C’est derrière les barreaux qu’il a terminé ses études de droit. Il fut ensuite, pendant une dizaine d’années, avocat d’affaires pour diverses firmes avant de devenir directeur du cabinet Moseneke and Partners. Puis le voilà qui s’associe à des entreprises comme New Diamond Holdings, Letlotlo Investment Holdings, African Renaissance Holdings, Transcontinental Diamond Corporation, pour créer la New Diamond Corporation (NDC) en décembre 1998. Grâce à un prêt de 20 millions de dollars garanti par la De Beers, qui contrôle 90 % du marché du diamant sud-africain, l’aventure de la NDC commence avec l’achat de six mines de diamant.
Mais pourquoi ne pas avoir continué à militer au sein de l’ANC pour se retrouver, comme beaucoup de ses anciens camarades de lutte, dans le gouvernement sud-africain ? « J’ai joué mon rôle du temps de l’apartheid puis j’ai décidé de tourner la page. Je me sens bien dans le monde des affaires et, surtout, je n’envie pas du tout les ministres. Nous avons la chance d’avoir en Afrique du Sud un schéma social qui permet aux hommes d’affaires de travailler en paix sans compter sur les hommes politiques. Il n’y a que dans les pays où les politiques interviennent dans les affaires que les managers cherchent, coûte que coûte, à entrer dans le gouvernement. »
Aujourd’hui ce père de trois enfants plein d’humour, qui reçoit les journalistes sans fioritures dans ses luxueux locaux de Sandton, l’un des quartiers cossus de Johannesburg, savoure sa revanche, sans excès. Deux cent cinquante personnes et près d’une centaine de contractuels – « des Blancs et des Noirs », précise-t-il – travaillent sous ses ordres. Résultat, un bénéfice net de plus de 4 millions de rands (plus de 450 000 euros) pour une production de près de 120 000 carats en 2001. D’ici à 2007, la NDC vise une production de 1 million de carats !
Fini les tracasseries, les humiliations, les privations. C’est une revanche à la fois sociale, Moseneke étant issu d’un milieu modeste, et historique. Une revanche sur cette société sud-africaine, qui longtemps lui a refusé (comme à ceux de la communauté) les droits les plus élémentaires. Pourtant l’homme n’explique pas sa réussite par la seule abolition de la politique d’apartheid et l’avènement d’un gouvernement noir, démocratique : « Je ne serais probablement pas arrivé à ce niveau s’il n’y avait pas eu de changement politique en Afrique du Sud, mais je ne dois pas ma position au seul fait d’être noir. » Autrement dit, il a dû se battre pour en arriver là.

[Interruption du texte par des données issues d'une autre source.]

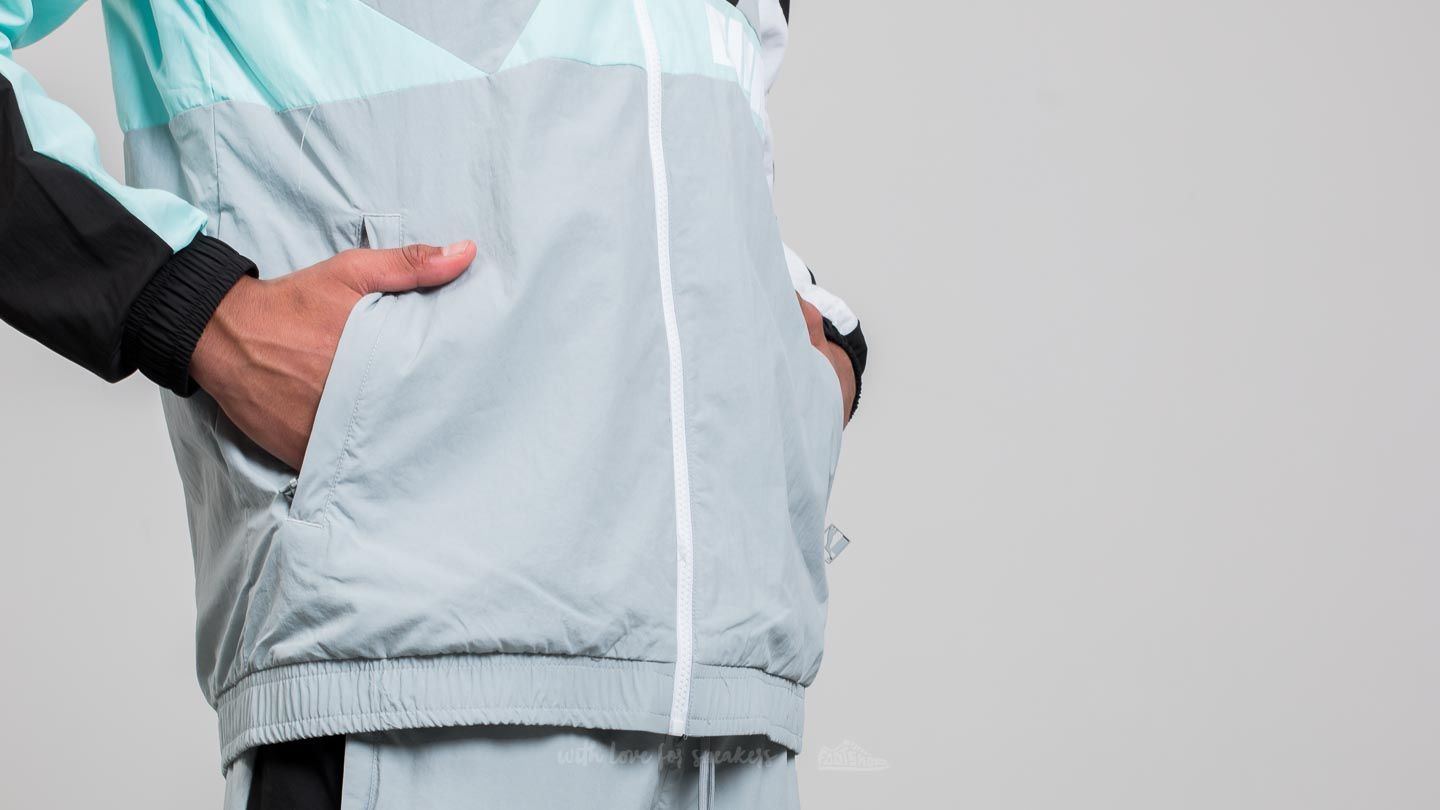 Puma x clearance diamond wind jacket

Tiego Moseneke a gardé ses « amitiés blanches », les vraies, acquises dans les amphithéâtres de la faculté. À ces amis-là, devenus pour la plupart des managers comme lui, il tend la main pour former une chambre de jeunes entrepreneurs blancs et noirs. « Dans le passé, il était tout à fait normal de créer un syndicat formé exclusivement d’hommes d’affaires noirs – le Black Business Cocus – qui fonctionnait comme un lobby. Mais, aujourd’hui, cela n’est plus nécessaire puisque la situation politique s’est normalisée. Je travaille à l’idée d’un rassemblement entre les jeunes managers blancs et noirs autour d’un même syndicat. »

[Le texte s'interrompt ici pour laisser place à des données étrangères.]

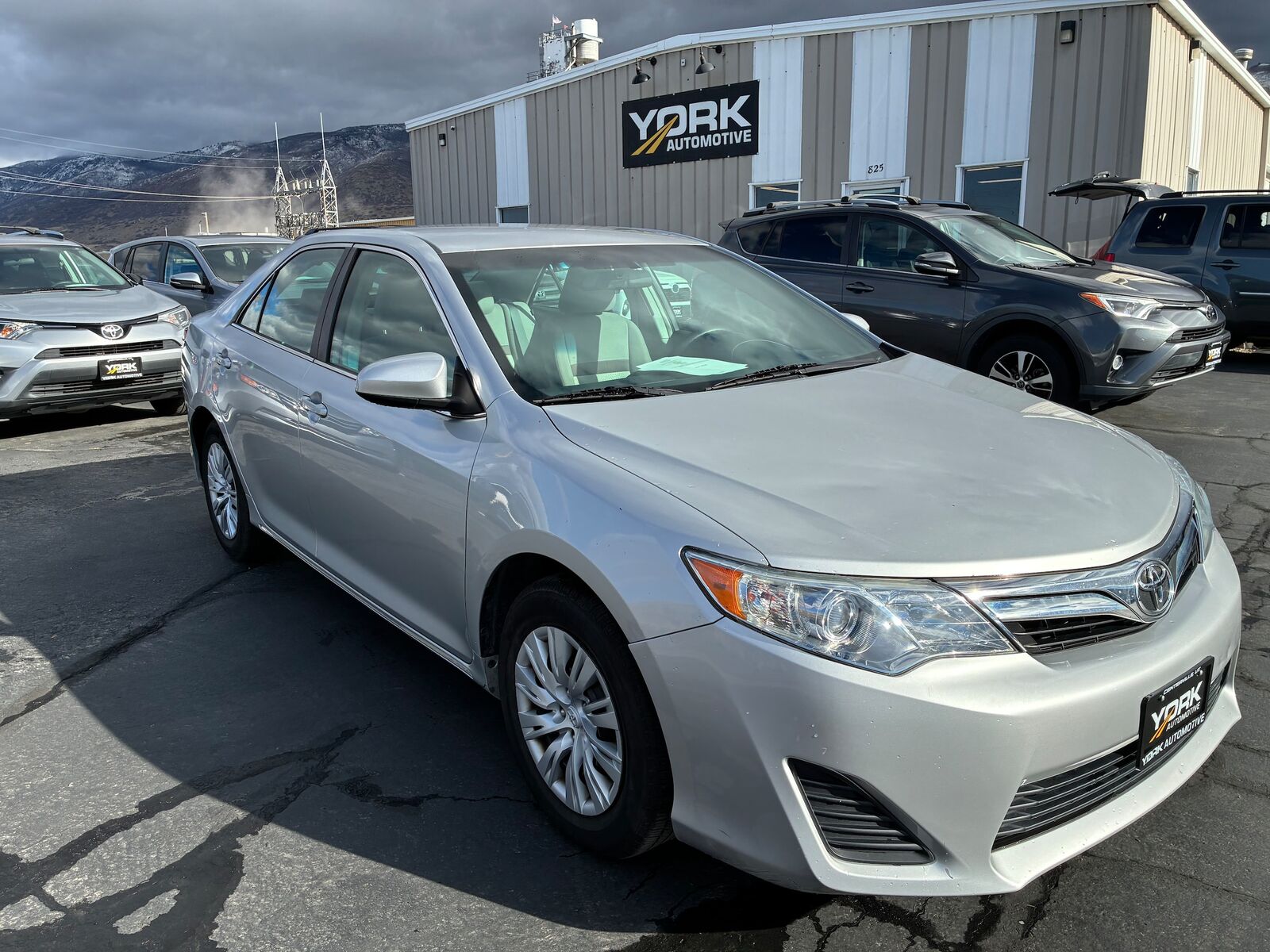 2013 Toyota Camry LE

En attendant, Moseneke continue de travailler plus de quatorze heures par jour et se rend, quand il le faut, au bureau dès 6 heures du matin. Le reste du temps, il voyage à travers le monde notamment en Angleterre, pratique le golf les week-ends et s’adonne, quand il le peut, à sa vraie passion : jouer avec ses enfants.